Perform occasional off-hours support.
Must-have
Bachelor’s degree in Computer Science, Electrical or Electronics Engineering or related field or equivalent experience.
3+ years IT experience in software development and/or maintenance or SRE or DevOps Engineering experience.
1+ years experience building Java Spring boot applications and rest API development.
Experience working on relational databases – MS-SQL Server or MySQL, MariaDB and SingleStore or in-memory distributed databases.
Experience working on Containerization platforms such as Docker and container orchestration tools like Kubernetes (Azure Kubernetes or OpenShift Kubernetes Service preferred).
Solid Git skills with experience working on popular CI tools - Jenkins or UCD
Experience working on Windows and Linux based infrastructure.
1+ years developing cloud-native applications using Java or Python.

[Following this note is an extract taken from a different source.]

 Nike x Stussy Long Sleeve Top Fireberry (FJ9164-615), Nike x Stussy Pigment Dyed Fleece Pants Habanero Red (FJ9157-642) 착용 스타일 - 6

Experience writing SQL queries and fine tuning or optimization skills.
Experience using centralized logging solutions (Splunk, Elk (preferred), etc.) and active monitoring systems (Dynatrace, etc.)
Experience deploying and operating cloud-native applications in a Private (OpenShift) or public cloud (Azure/AWS preferred)

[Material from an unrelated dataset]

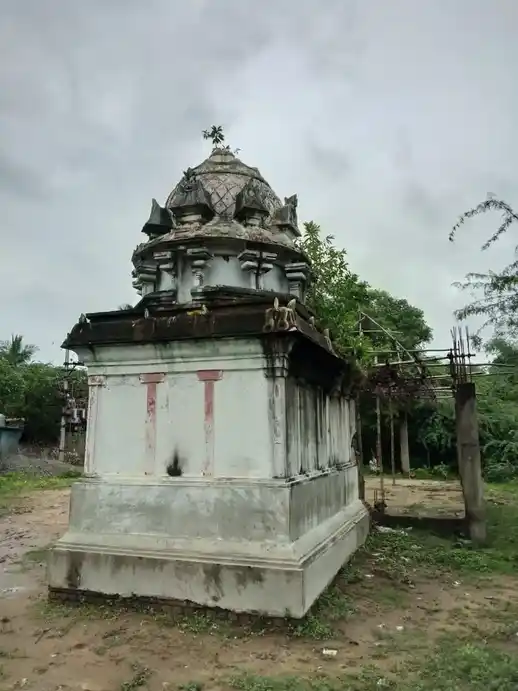 Arulmigu Magamarriyamman Temple, Irumulaimelaveli - 609807 அருள்மிகு மகாமாரியம்மன் திருக்கோயில், Irumulaimelaveli - 609807, Thanjavur - Ancient Temple Architecture and History Image 3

In-depth and proactive communication skills around status of projects/issues in production
Must be a self-starter, motivated, resourceful, and driven to work with cross functional teams in large enterprises with complex org structures to meet business timelines on delivery.
Financial Services domain knowledge preferably Capital Markets and Wealth Management.
Nice-to-have
Experience implementing dashboards to help teams visualize logs, instrumentation, and other data to ensure optimal performance of the platform services, infra, and deployed applications (Grafana preferred).
Exposure to Datawarehouse’s like Informatica, Snowflake or Databricks and Business intelligence tools like SAP BO or similar.
Experience creating runbooks, processes, and test plans around reliability, performance, etc. of infrastructure and applications.
Exposure to PagerDuty, Postman, ServiceNow, SonarQube, NexusIQ and vault tools.
Exposure to event brokers like Kafka or IBM-MQ, Mainframe tools and environment,
Exposure to Industry Disaster recovery test exercises.